Because there is relatively little disk head activity, the logs are relatively quick. However, if the log writing activity is in contention with random access activity on the same disk the contention can significantly affect log writing performance, which affects overall DB performance.
Additionally, writing the logs to a separate disk gives you a measure of redundancy. If you back up the data, log entries since the backup can be rolled forward on a restored database. This means that a disaster has to take out both the log and data volumes to cause data loss.

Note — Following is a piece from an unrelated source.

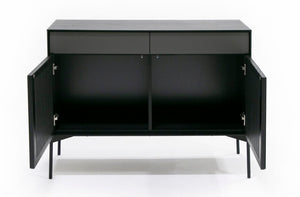 VIG Furniture Casper Mid-Century Black Oak Buffet Console With Slatted Veneer, Industrial Metal Legs, Storage (43"W) VGDW-J9696-BLK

For these reasons, you should have logs on a separate array (different physical disks) to the data volumes. A single mirrored pair can handle quite a large amount of log traffic if there is no contention, so you probably don't need anything more than that unless you have very large transaction volumes. However, make sure nothing else is generating disk activity on the log volumes.
If you have processes that make heavy use of TempDB, you will get a performance benefit from having this on a RAID-10 volume, as this provides better write performance than a RAID-5. (see the notes on write-back caching below). If you are putting your data and inedexes on RAID-5 volumes and have processes that make heavy use of TempDB you may get a benefit from putting TempDB on a separate RAID-10 volume. If you are using RAID-10 on the data volumes as well this won't matter.
Data and Indexes
If you have really large data volumes you may put data on a RAID 5, 6, 50 (Striped RAID-5 blocks) or 60. If your data volues are smaller you might go with a RAID-10. If you have RAID-5 (or similar) on your data volumes you will probably want a separate TempDB volume, otherwise the system will probably work OK with data, indexes and TempDB sharing a single RAID-10 volume.
If the RAID controllers on your SAN support battery back up, you can set up write-back caching on them. This means that the controllers cache writes in RAM and optimise writes back to the disk. Write-back caching can be quite a performance win on RAID-5 volumes, but adds extra failure modes to the system.
If power fails, the battery back-up will retain the cached data for a few days. When you reactivate the SAN, it will write out the cached entries. In theory this is fairly reliable and probably will work. However, there are plenty of anecdotal stories about write-back caches failing.
If you can activate write-back caching on a per-volume basis, consider having it inactive on the logs. That way, a cache failure can be recovered without data corruption by restoring the database and rolling forward the logs, as described above. Benchmark your system to make sure the performance is satisfactory.
Separate log and data volumes. If you are using RAID 4, 5, 6, 40, 50 or 60 and have heavy activity in TempDB, consider putting TempDB on a separate RAID-10 volume. Unless you have extremely large data volumes, you can share data, indexes and TempDB on a RAID-10 volume. Log volumes should not share disks with sources of heavy disk activity.